◆ **What is needed**: Please take the records that follow and repeat exactly the lines starting with the line with "Girl doing homework on bed View" and going on through the line with "a living room".

◆ **Records**:
┌────────

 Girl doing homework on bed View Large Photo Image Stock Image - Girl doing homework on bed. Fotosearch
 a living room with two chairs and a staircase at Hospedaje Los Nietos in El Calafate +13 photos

└────────
┌────────

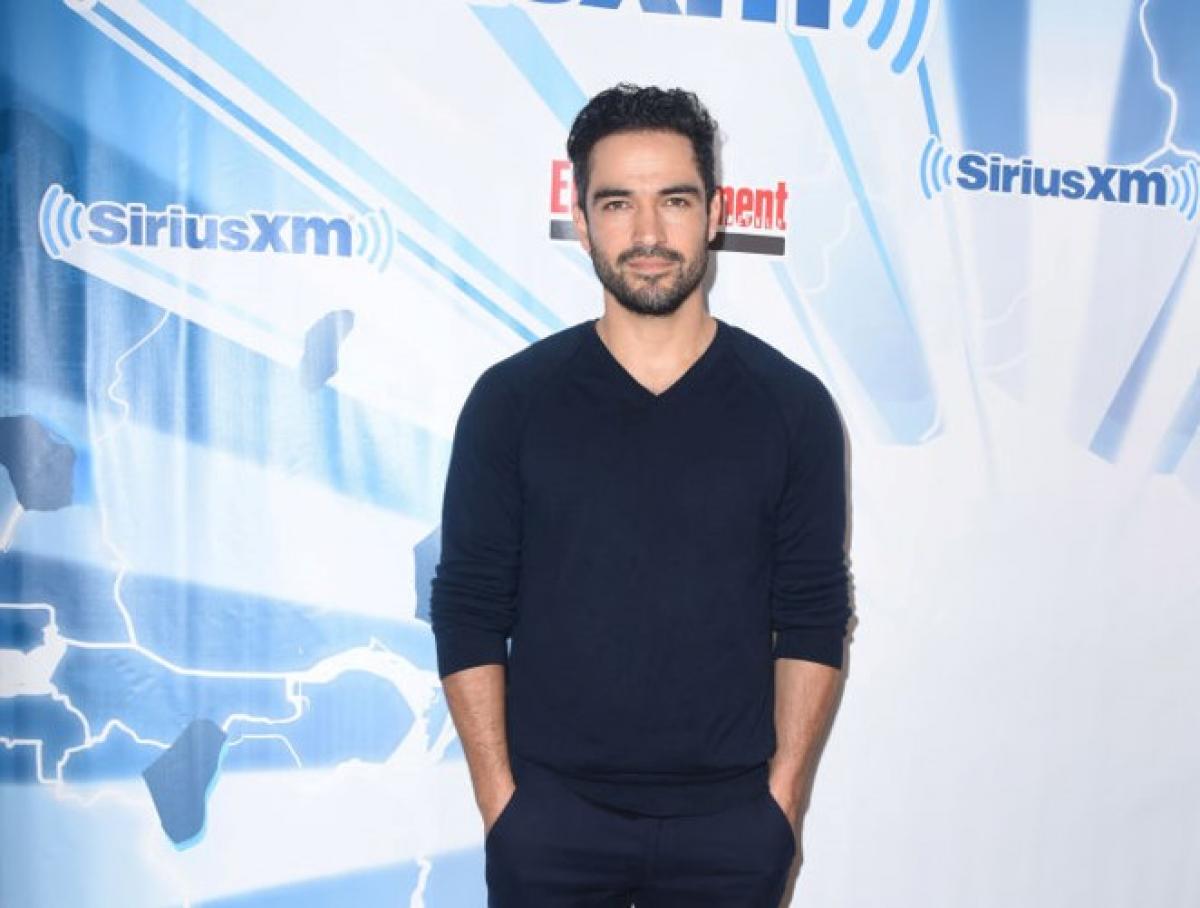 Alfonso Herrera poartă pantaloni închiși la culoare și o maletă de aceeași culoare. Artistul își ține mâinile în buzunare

└────────

◆ **Response for this exercise**:
 Girl doing homework on bed View Large Photo Image Stock Image - Girl doing homework on bed. Fotosearch
 a living room with two chairs and a staircase at Hospedaje Los Nietos in El Calafate +13 photos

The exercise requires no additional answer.